» Problem description: Please retype every entry as written, and keep the pictures out.

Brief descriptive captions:
- - - -

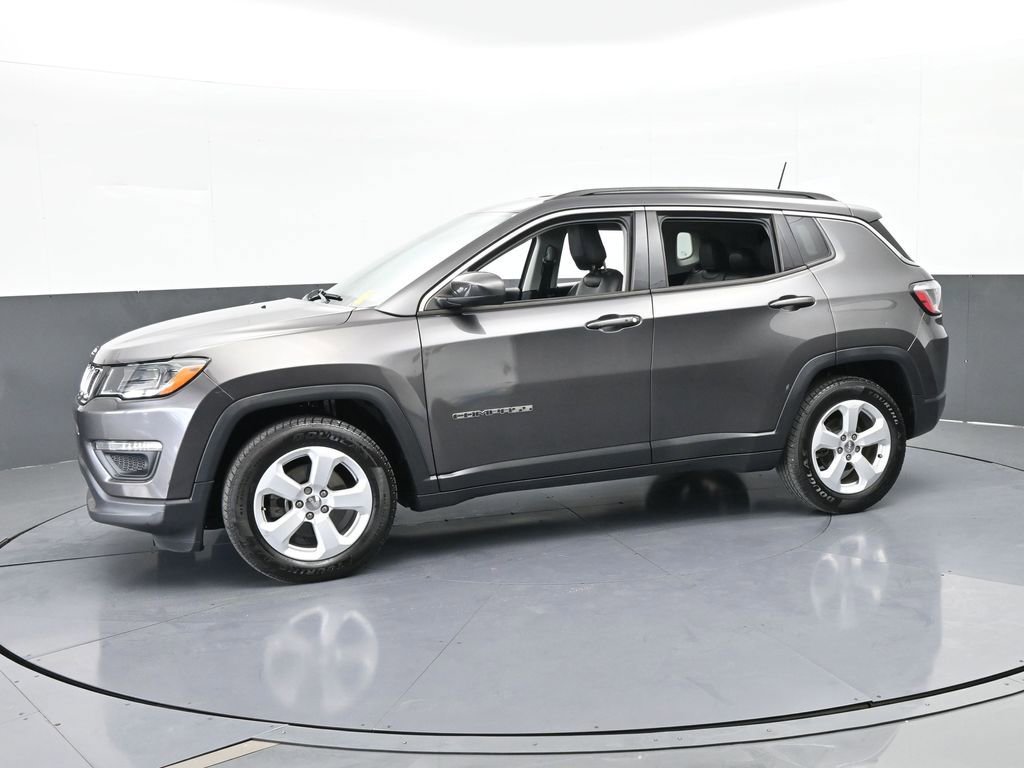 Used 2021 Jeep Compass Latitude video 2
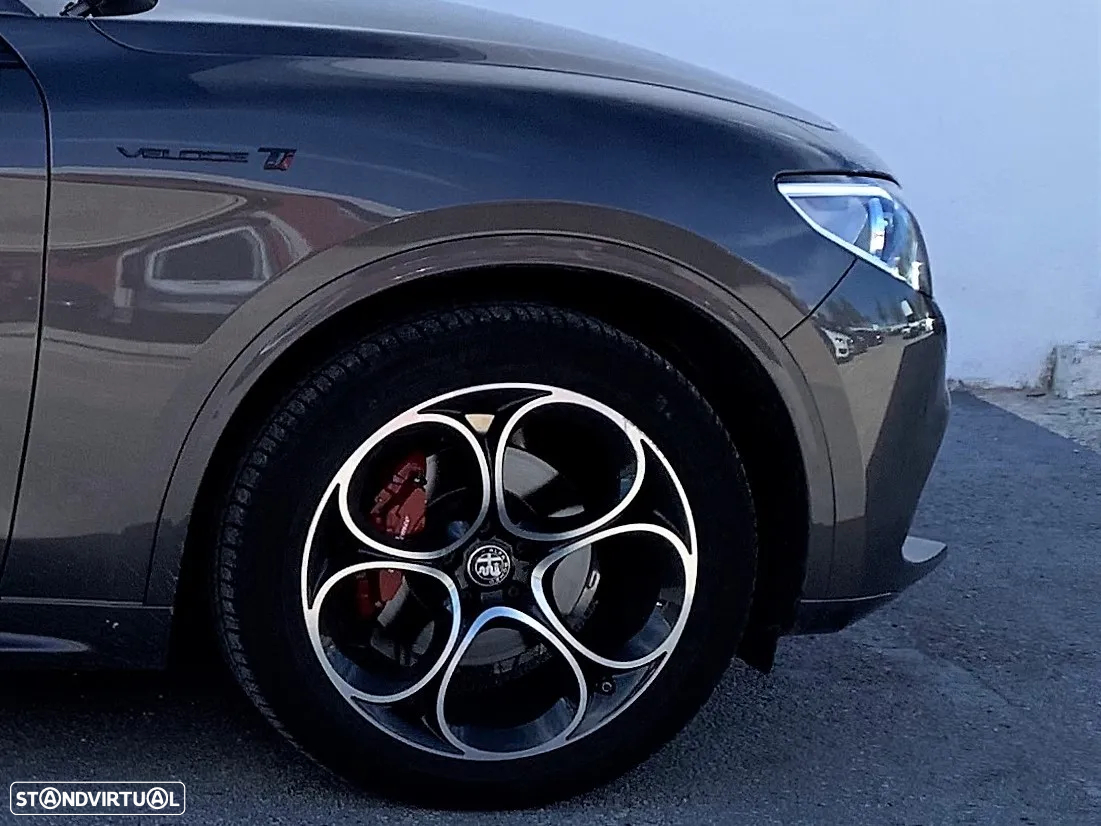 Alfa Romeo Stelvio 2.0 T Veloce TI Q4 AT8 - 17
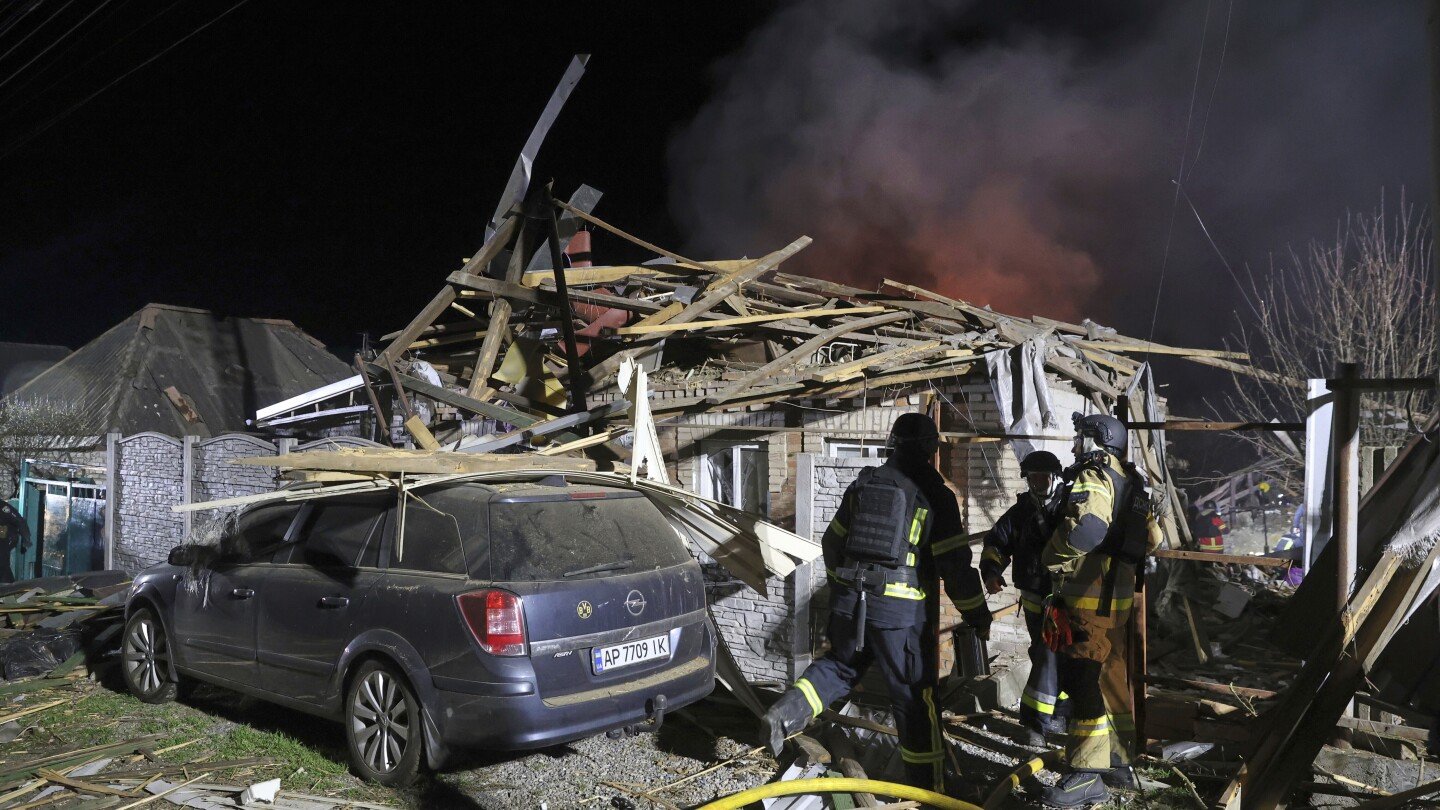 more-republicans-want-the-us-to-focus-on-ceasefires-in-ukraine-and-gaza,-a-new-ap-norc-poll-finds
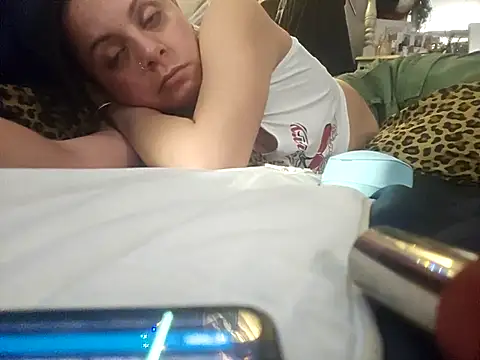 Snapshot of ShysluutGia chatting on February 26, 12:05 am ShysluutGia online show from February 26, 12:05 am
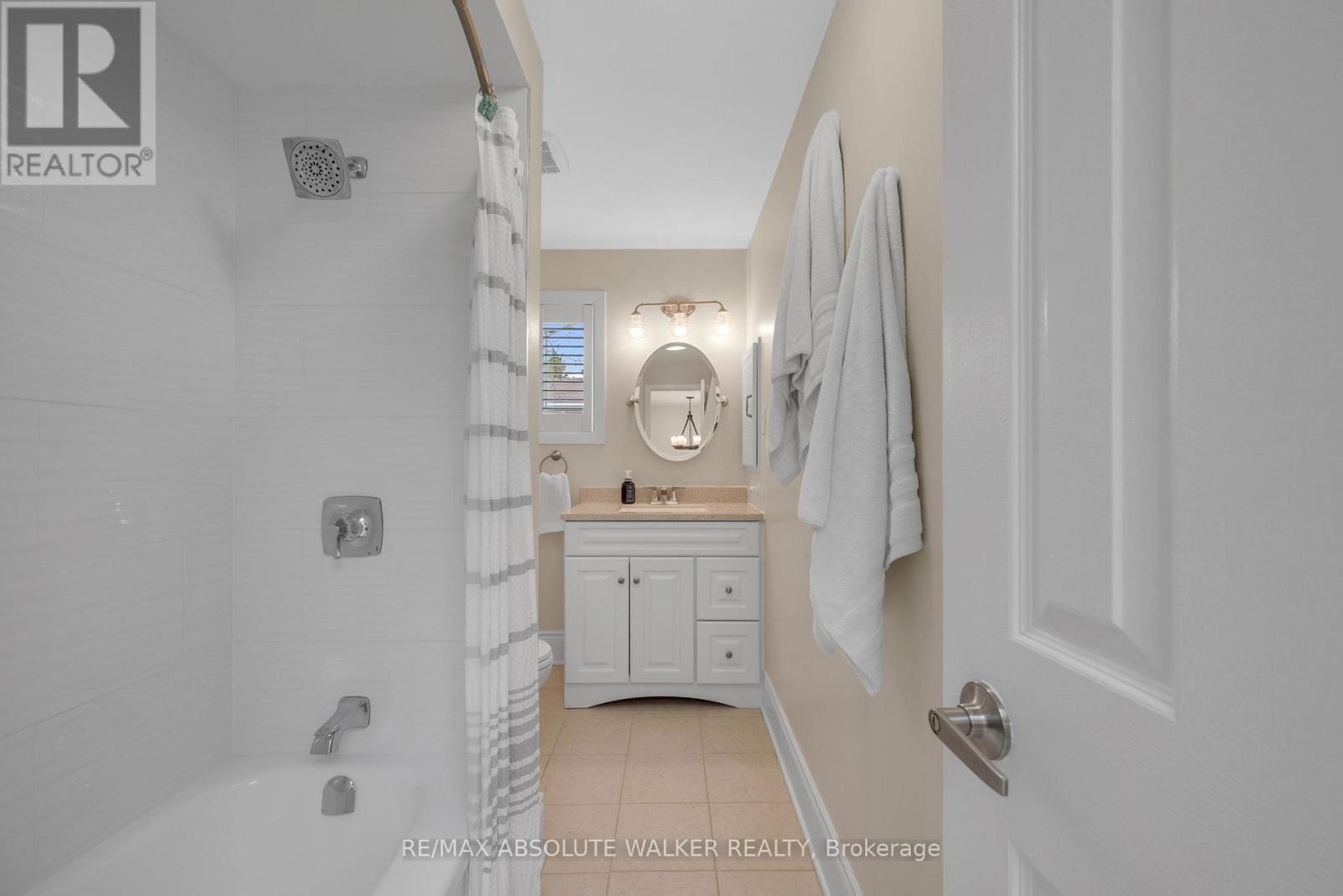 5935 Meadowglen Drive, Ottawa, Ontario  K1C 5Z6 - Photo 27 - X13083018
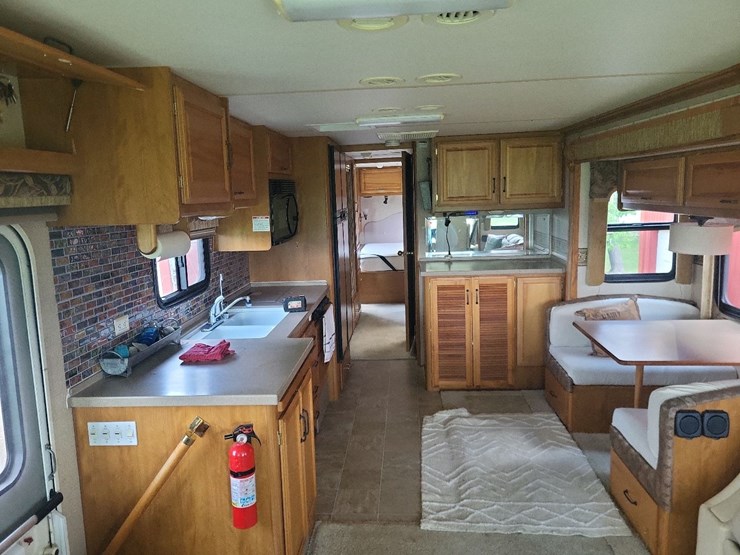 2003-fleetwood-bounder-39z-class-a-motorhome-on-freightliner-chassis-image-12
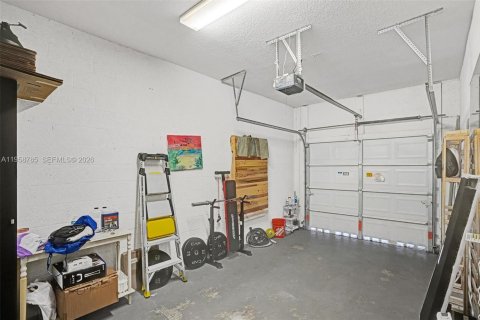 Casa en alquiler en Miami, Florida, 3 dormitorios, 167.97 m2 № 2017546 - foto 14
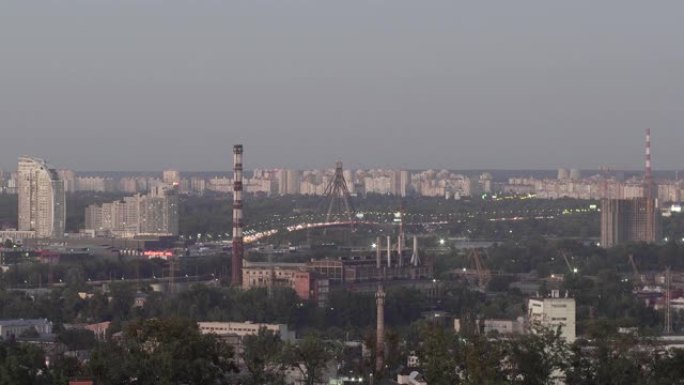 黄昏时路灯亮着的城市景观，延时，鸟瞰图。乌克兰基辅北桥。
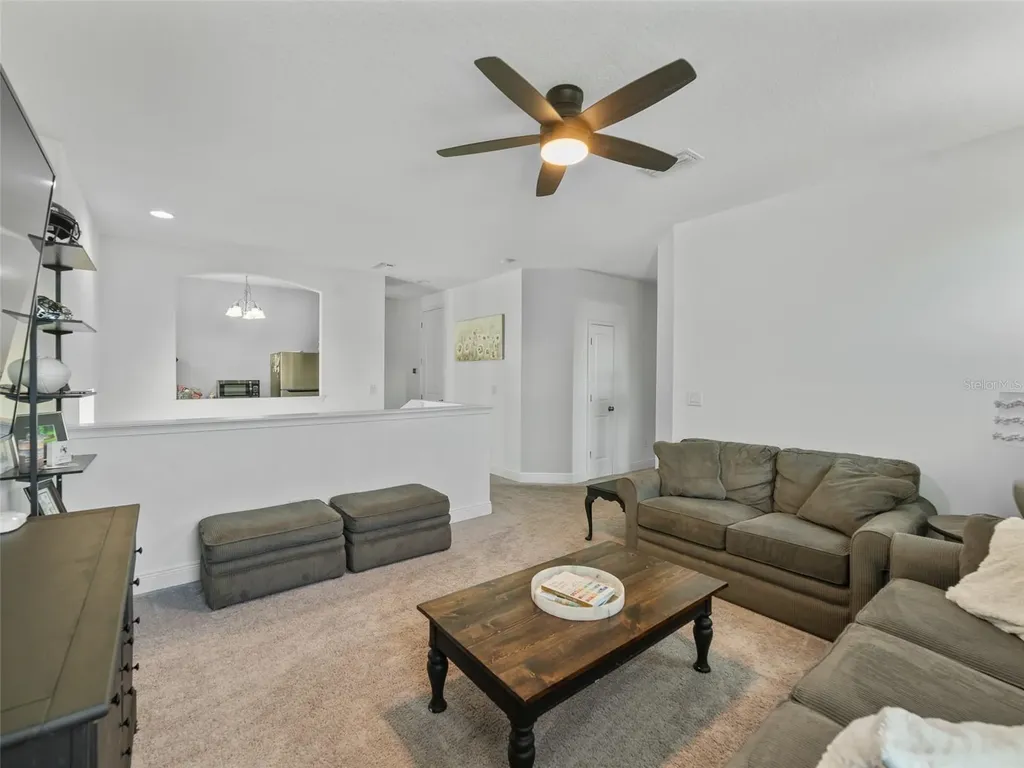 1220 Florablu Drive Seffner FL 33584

- - - -

» Final answer:
 Used 2021 Jeep Compass Latitude video 2
 Alfa Romeo Stelvio 2.0 T Veloce TI Q4 AT8 - 17
 more-republicans-want-the-us-to-focus-on-ceasefires-in-ukraine-and-gaza,-a-new-ap-norc-poll-finds
 Snapshot of ShysluutGia chatting on February 26, 12:05 am ShysluutGia online show from February 26, 12:05 am
 5935 Meadowglen Drive, Ottawa, Ontario  K1C 5Z6 - Photo 27 - X13083018
 2003-fleetwood-bounder-39z-class-a-motorhome-on-freightliner-chassis-image-12
 Casa en alquiler en Miami, Florida, 3 dormitorios, 167.97 m2 № 2017546 - foto 14
 黄昏时路灯亮着的城市景观，延时，鸟瞰图。乌克兰基辅北桥。
 1220 Florablu Drive Seffner FL 33584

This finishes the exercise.